Manuel Melgar was married three times; his second wife was María del Carmen Rodriguez Carmona. It is not clear how many children the couple had: different sources suggest there might have been three of five siblings. Francisco was born as the second oldest son, all raised in fervently Catholic ambience. None of the sources consulted provides information where he received his childhood and early teen education.
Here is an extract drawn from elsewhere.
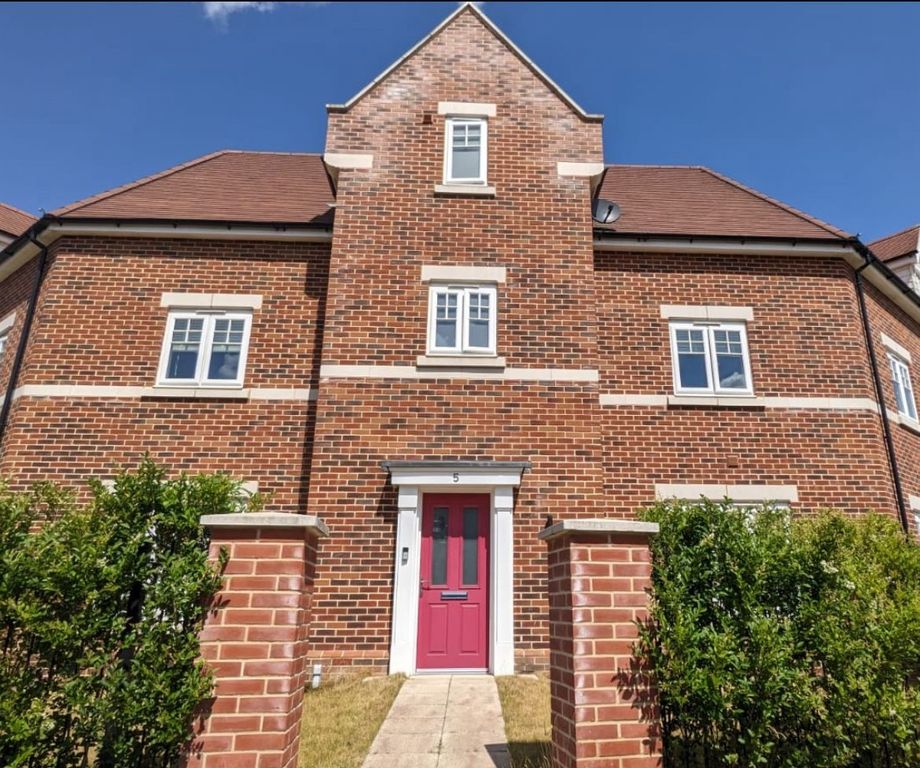Property photo 1 of 23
In 1864 he entered Universidad Central and pursued a double curriculum, studying both at Facultad de Filosofia y Letras and at Facultad de Derecho. During his academic years he was exposed mostly to Liberal thought of his professors, like Castelar, Montero, Salmerón and Moret, though he forged friendship with conservatively minded students like Enrique de Aguilera, the future marqués de Cerralbo. He graduated in 1868 in both law and letters.
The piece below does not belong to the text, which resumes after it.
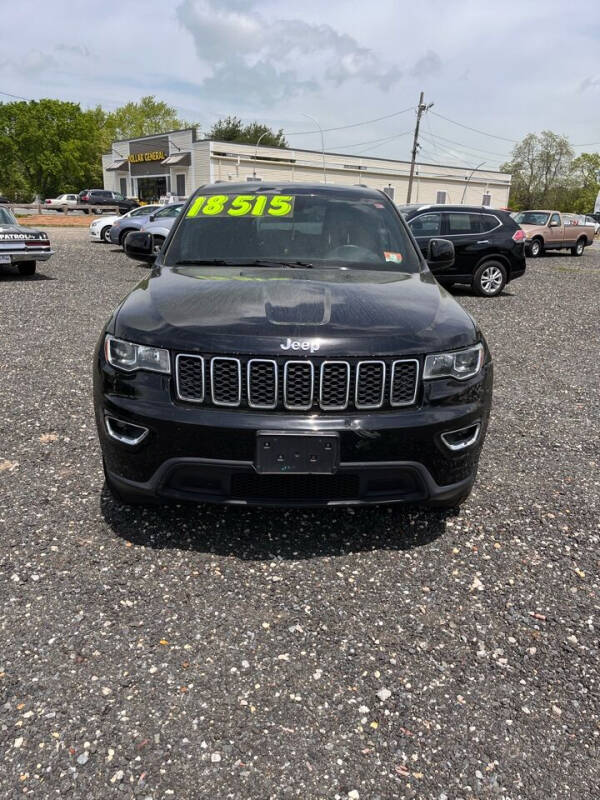 2017 Jeep Grand Cherokee null photo 3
Family life of Francisco Melgar remains rather obscure; neither he in his memoirs nor any of the scholars offers any meaningful insight into his personal matters. Next to nothing is known about his wife, Jeanne Trampus, born probably in Trieste and married in Paris in 1906. According to Melgar she was mentally ill and developed maniac behavior; She deceased before her husband; their daughter, Carmen Melgar Trampus (1907-1990), became a nun. Their son, Francisco Carlos Melgar Trampus, as a youngster serving as secretary to the Carlist claimant Don Jaime, engaged in Madrid Carlist structures of the 1920s; in the 1930s he was the Paris correspondent of Estampa and As, in the 1940s active in the Francoist press; in the 1950s he acknowledged Don Juan as legitimate Carlist heir and entered his Consejo Privado. Author of a few books on Carlism, in the 1960s he wrote as a columnist to ABC. His son, Jaime Melgar Botassi, worked as translator. Currently the condado rests with Francisco's great-grandson, Francisco Melgar y Gómez de Olea Botassi y Naveda.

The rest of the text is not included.